Who me? Who’s listening? Who has patience to be taught to see with new eyes? Who is disgusted enough with the world as it is and in what direction is it moving that they’re ready to abandon living life as if this is the way it will always be; to make change? Why would anyone listen to me? Who would open up the channels for the message to be communicated?

So I lie is wait. Times are so portentous that I wait HaShem’s next big cataclysmic move. I lie in wait for the Great Day. I used to work hard, ceaselessly and passionately for it to come. I’ve lost the passion that used to drive me. There is only so much sadness and tragedy one can be sensitive to and exposed to.

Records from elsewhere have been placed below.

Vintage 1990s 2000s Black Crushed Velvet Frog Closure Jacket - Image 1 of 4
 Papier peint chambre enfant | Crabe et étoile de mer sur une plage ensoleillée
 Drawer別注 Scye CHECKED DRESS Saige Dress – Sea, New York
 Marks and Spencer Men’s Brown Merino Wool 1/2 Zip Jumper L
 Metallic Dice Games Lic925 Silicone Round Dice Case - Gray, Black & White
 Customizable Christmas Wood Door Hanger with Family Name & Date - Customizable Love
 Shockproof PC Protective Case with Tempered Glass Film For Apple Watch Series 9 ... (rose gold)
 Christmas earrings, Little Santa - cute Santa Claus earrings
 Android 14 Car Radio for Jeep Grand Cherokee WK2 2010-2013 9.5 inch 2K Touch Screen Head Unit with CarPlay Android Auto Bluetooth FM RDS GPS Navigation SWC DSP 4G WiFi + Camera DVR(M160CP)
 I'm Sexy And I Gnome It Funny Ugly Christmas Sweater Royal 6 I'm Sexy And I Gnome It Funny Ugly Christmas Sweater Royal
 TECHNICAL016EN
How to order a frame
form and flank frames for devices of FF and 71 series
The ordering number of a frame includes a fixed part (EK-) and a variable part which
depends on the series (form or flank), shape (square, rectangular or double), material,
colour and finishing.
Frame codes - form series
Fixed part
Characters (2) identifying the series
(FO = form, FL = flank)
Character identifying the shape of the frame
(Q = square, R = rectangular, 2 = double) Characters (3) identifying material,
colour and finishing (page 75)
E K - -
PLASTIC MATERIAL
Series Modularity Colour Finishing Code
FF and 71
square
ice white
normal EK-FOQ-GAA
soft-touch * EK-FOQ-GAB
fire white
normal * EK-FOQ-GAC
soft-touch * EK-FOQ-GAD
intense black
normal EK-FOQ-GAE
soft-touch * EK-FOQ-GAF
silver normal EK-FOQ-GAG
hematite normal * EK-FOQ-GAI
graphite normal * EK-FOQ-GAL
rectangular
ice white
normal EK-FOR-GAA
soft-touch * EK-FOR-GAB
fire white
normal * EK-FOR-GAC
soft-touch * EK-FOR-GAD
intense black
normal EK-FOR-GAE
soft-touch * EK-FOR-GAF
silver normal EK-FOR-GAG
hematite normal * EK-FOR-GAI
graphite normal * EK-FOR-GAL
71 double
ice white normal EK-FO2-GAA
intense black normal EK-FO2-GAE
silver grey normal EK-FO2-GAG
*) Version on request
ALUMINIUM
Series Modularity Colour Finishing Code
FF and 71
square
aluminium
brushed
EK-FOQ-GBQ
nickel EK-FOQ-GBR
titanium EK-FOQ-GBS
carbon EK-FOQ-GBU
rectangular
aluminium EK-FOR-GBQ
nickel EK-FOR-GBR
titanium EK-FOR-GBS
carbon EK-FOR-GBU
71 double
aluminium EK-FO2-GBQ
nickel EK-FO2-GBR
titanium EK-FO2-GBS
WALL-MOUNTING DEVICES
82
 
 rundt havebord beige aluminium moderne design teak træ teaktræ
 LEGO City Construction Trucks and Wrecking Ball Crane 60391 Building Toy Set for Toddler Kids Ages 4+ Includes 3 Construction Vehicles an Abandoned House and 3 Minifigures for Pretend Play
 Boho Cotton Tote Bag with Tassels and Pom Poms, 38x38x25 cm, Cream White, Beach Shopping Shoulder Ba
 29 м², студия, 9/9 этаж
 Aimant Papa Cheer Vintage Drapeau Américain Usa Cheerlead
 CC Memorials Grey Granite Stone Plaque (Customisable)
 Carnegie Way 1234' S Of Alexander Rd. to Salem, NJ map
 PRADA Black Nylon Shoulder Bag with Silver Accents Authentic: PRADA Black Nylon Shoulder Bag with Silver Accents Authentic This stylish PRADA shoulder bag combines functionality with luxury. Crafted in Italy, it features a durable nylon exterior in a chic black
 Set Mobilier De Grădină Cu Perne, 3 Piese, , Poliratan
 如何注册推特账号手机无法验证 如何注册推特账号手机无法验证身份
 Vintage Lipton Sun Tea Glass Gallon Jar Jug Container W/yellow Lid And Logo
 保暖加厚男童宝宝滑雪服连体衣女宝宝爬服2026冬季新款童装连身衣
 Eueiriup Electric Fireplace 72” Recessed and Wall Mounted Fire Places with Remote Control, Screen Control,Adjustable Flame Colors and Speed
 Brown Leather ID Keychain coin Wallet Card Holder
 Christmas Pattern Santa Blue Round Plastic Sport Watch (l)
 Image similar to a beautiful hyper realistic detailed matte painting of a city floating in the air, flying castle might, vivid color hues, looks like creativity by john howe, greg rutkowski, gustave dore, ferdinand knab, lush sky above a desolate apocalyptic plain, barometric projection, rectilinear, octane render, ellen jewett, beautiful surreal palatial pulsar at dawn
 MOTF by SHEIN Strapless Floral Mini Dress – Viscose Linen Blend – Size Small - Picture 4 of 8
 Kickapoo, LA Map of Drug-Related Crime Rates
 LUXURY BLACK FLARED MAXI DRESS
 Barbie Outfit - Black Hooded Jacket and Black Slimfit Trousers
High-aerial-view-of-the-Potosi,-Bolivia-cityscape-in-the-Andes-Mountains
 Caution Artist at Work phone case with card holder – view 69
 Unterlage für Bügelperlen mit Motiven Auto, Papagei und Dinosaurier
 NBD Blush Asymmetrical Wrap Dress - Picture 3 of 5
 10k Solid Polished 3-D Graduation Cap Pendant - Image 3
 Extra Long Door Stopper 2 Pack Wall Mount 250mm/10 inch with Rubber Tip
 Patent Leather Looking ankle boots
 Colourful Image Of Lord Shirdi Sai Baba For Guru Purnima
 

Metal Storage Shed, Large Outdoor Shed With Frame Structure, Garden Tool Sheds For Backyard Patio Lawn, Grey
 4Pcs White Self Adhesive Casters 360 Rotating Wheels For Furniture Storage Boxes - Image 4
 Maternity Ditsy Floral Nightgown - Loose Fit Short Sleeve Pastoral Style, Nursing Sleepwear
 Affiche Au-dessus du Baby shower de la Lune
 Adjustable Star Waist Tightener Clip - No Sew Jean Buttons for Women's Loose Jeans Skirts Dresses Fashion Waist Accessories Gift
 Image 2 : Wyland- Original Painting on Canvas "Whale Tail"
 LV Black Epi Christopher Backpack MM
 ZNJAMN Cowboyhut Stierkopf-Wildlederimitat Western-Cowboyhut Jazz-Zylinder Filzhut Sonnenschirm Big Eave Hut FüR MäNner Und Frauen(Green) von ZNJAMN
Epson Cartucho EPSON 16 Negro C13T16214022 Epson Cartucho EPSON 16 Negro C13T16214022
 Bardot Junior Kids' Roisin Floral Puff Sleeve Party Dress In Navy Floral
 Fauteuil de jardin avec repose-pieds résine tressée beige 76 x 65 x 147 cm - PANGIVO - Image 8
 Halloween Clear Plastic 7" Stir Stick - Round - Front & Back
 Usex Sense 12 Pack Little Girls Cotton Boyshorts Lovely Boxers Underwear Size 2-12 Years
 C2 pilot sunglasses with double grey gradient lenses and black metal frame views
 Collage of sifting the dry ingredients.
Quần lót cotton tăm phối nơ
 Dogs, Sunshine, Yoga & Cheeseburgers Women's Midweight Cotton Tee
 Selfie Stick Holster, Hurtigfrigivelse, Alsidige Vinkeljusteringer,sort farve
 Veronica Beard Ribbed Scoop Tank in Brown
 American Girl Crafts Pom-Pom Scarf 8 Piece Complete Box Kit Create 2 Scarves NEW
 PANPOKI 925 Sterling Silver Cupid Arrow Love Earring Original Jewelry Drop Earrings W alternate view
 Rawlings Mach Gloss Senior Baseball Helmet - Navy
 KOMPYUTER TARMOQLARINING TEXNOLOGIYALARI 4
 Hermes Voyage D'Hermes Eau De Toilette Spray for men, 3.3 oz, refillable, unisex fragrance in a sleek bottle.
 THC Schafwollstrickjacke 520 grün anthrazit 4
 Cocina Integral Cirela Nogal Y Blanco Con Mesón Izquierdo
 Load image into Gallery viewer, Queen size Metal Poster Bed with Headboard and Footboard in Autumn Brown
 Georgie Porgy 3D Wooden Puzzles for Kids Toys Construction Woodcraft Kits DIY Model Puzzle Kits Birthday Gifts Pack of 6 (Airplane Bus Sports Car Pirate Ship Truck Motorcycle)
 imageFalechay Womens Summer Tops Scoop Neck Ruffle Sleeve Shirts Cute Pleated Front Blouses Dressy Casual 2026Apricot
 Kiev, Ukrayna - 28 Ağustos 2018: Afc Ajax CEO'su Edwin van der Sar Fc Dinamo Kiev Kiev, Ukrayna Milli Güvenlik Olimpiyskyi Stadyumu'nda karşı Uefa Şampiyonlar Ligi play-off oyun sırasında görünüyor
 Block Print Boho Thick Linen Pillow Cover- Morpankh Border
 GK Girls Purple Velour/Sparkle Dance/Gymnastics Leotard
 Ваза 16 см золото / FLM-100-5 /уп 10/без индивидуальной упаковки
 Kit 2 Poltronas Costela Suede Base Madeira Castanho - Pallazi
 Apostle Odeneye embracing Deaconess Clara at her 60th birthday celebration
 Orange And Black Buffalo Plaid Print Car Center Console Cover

And then Rav Avraham Sutton walks by and asks, “Waiting for HaShem? It’s up to US! He’s waiting for US!!!” And then I shrink even further back. I don’t know anymore how to work ‘yesh may’ayin’ – something from nothing. I don’t know how to ‘market’ my vision to finance the effort. And I wonder where all those who look to me are to bring their talents to bear to help coalesce the work. And if I have to do everything, I can’t do anything. And if this is all how I feel, then am I then not worthy of the neither the vision nor the privilege of manifesting it.?

For most of the last 17 years, I could work from nothing. I felt clearly guided by Heaven’s Hand. As long as there was some vestige of freshness from all that was shown to me in years past, I had something to draw upon to fuel my passion. But now I wonder why HaShem has shown me all that He has, of the greatness of the Great Day and the Coming World. The power of that vision has waned. It can only live for just so much time on memory. And time has caught up with memory.

The love, support and encouragement from friends and chevre from Shlomo world and Rainbow and Bat Ayin and Nachlaot and all the places in between, used to be enough. It used to be enough to have the stamina, resilience and endurance to forge ahead, despite poverty and lack of soul mate. Now it just enough to keep me alive.

I’m tired of the struggle to make it just one more day. I’m frustrated trying to come up with some scheme to ‘market’ Moish’s ‘rebbekeit’ so I can have a basic parnassa. And more than anything, I wonder why HaShem has deprived me of my own love of my life. And I despair of knowing what to do about it. I want a vacation. I want $36,000 to fix the gashmiut of my life, to attend to my health, physical as well as spiritual. And more than anything, I want to be better than I am, better than my weaknesses and better with my beliefs in G-d and self. I want to be better.

So I extend an invitation to G-d: Justify the secrets of my life. Justify all that I know, all that you’ve revealed to me and all that you’ve given me to contend with. Renew your contract and covenant with me.

“Melech Rachman, Rachem Aleynu. Tov U’Metiv Hdaresh Lanu.”

“Hashivenu HaShem Aleycha, v’Nashuva.”

“VaAni B’Chasdecha Batachti” – Can’t You find a better way? And do it now?